“I can try,” said Tiktok. “It used to be that one could get past the gi-ant by walk-ing right up to the place where the ham-mer falls, and then, when the ham-mer ris-es, step-ping quick-ly und-er it. How-ev-er, the Nome King has ver-y clev-er en-gin-eers, and they were ab-le to speed up the gi-ant’s ham-mer. It is still pos-sib-le to get und-er it by walk-ing, but you must be ver-y quick in-deed.”
“Is there another way?” asked Ginny.
“I am not sure. It is too bad that none of you are birds, for then it would be ver-y eas-y to ad-vise you what to do.”
“Well, we’re not birds,” said Ron, “but we can fly. We’ve got broomsticks. The problem is the flying lizards.”
“You can fly as witch-es do, on broom-sticks? Then it is sim-ple,” said Tiktok. “If you will wind up my ac-tion, Gin-ny, then I can help you.”
So Ginny turned and turned the key in his back, and Tiktok clicked and whirred and lurched out of his niche. He took a couple of steps and almost fell, for his body was round and very heavy and his legs quite thin, but he managed to balance himself. Then he carefully bowed very low.
“I must be un-used to walk-ing,” he said. “But my joints all ap-pear to be in ver-y good work-ing or-der. You have done an ex-cel-lent job of re-pair-ing me.”
“It was just a spell,” said Ginny. “A repair spell.”
“Ah!” said Tiktok. “I some-times wish I could do mag-ic as witch-es and wiz-ards do. It must be ver-y hand-y in-deed. Still, I have my clock-work which works ver-y well. I can-not com-plain. — Now, to get past the gi-ant, you must fly; but in or-der to fly, you must get past the fly-ing liz-ards. This is not dif-fi-cult once you know how. Is there some-one a-mong you who is good at in-sult-ing peo-ple?”
“What?” said Hermione.
“The liz-ards are quick to take of-fense,” said Tiktok. “If one of you stands to one side and shouts in-sults at them, they will swarm and at-tack them. The rest of you can then quick-ly fly to the oth-er side of the gi-ant with the ham-mer. Then, one of you on the oth-er side can start in-sult-ing the li-zards. While they swarm that per-son, then the one left be-hind can fly a-cross.”
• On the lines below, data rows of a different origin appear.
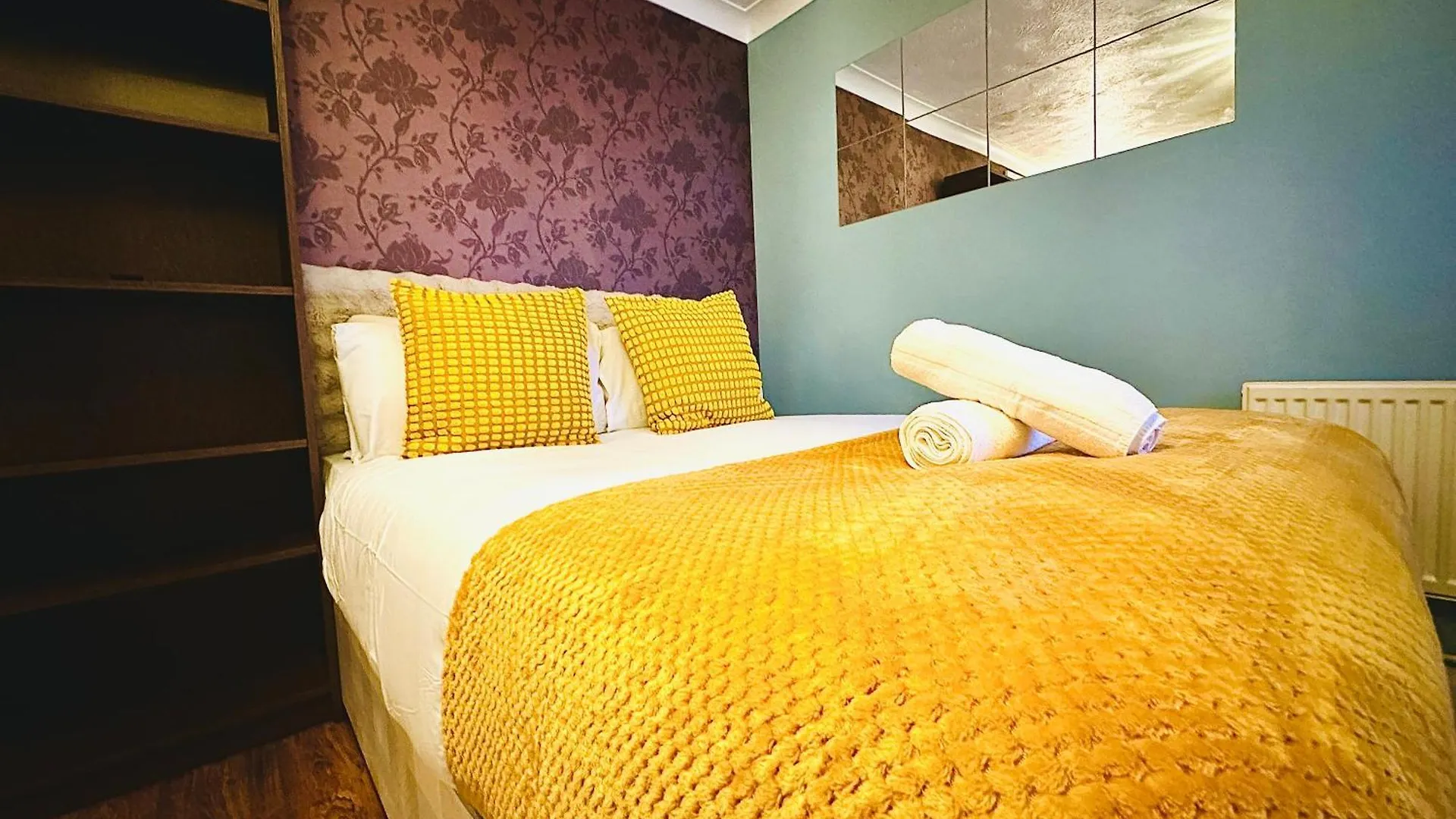 Opulent Marriott Hotel London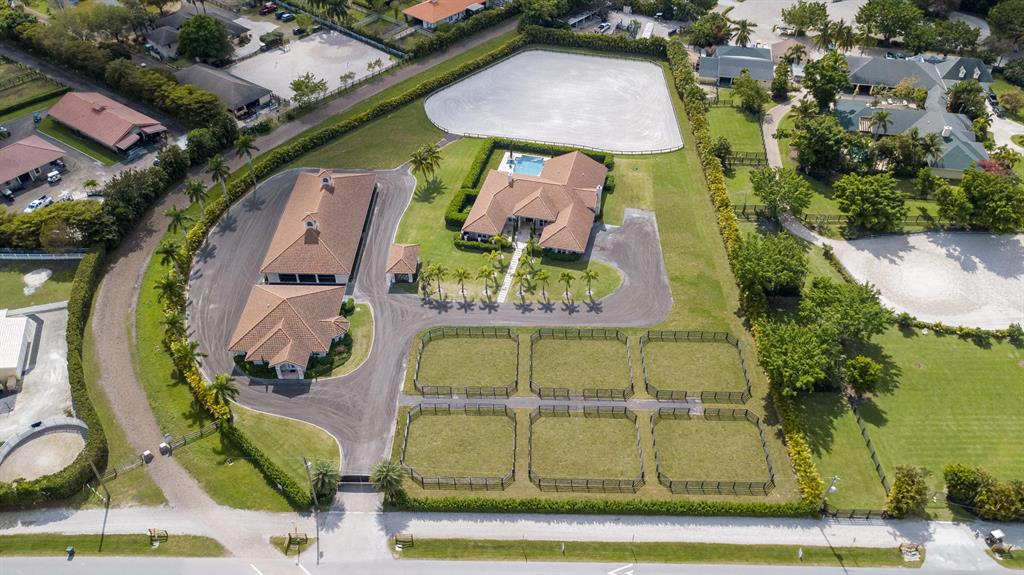 SADDLE TRAIL PARK OF WELL - Residential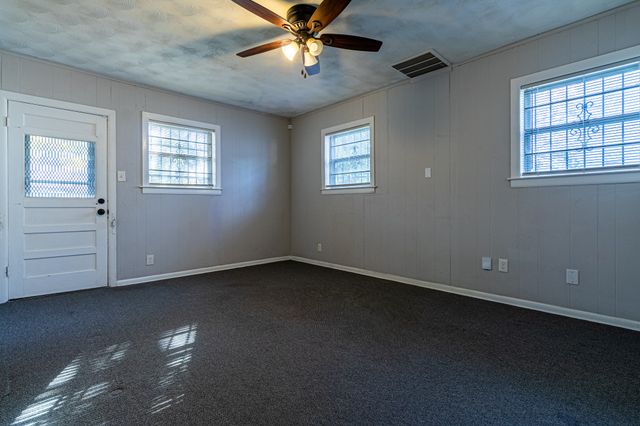 2312 Jordan Street, Dallas, TX 75215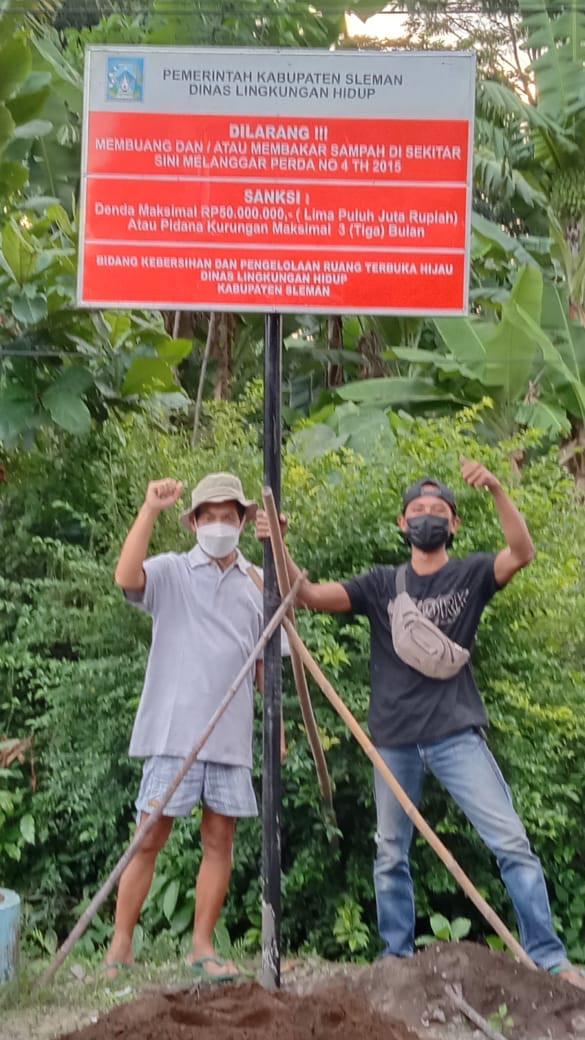 Pemasangan larangan membuang sampah di Padukuhan Manukan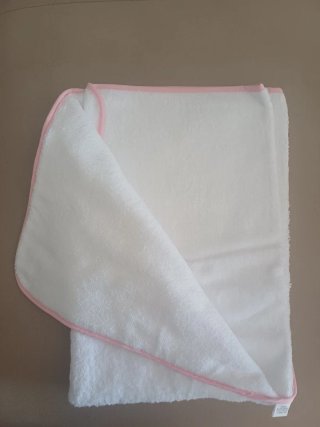 Toalla capa bebé blanca y rosa Mickey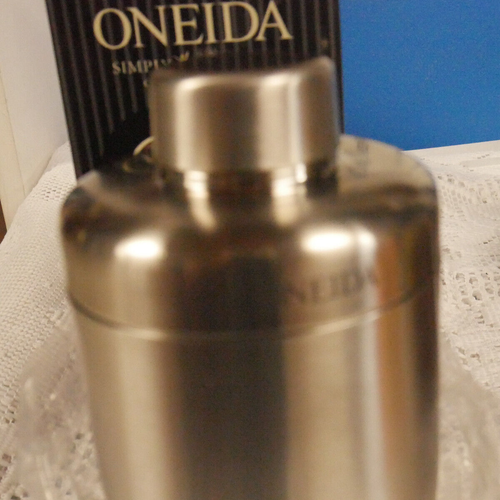 NIB STAINLESS STEEL ONEIDA COCKTAIL 20 OZ. SPHERE SHAKER FROM KOHL'S NEVER USED - Picture 3 of 8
Ron started laughing, then stopped when no one else joined in.
“What?” he said. “It wasn’t a joke?”
“I am sor-ry to say that I can-not joke,” said Tiktok. “My mak-ers, Smith and Tin-ker, were mar-vel-ous in-vent-ors, but they did not give me hum-or-ous clock-work.”
“Makes sense to me,” said Luna. “Not unlike the Uifrimin of Scotland. They’re a kind of pixie, I believe. You can attract them with cakes, whisky, or insults. Insults work best.”
“But the person shouting the insults is going to get completely swarmed,” said Ron.
“That is a dis-ad-vantage,” said Tiktok. “I would of-fer to do that my-self, since their bites and fire can-not harm my cop-per bod-y bad-ly, but while they are dis-trac-ted I will be gath-er-ing their eggs.”
“What? Why?” asked Neville.
“To help you es-cape the Nome King,” said Tiktok. “Eggs are poi-son-ous to Nomes. They are un-der-ground creat-ures, creat-ures of dark-ness and life-less-ness, and an egg con-tains more life than an-y-thing else I know. A sin-gle egg con-tains mil-lions of gen-er-a-tions of liv-ing things. It is a shame you do not have a chick-en, for chick-en eggs are most poi-son-ous of all to them.”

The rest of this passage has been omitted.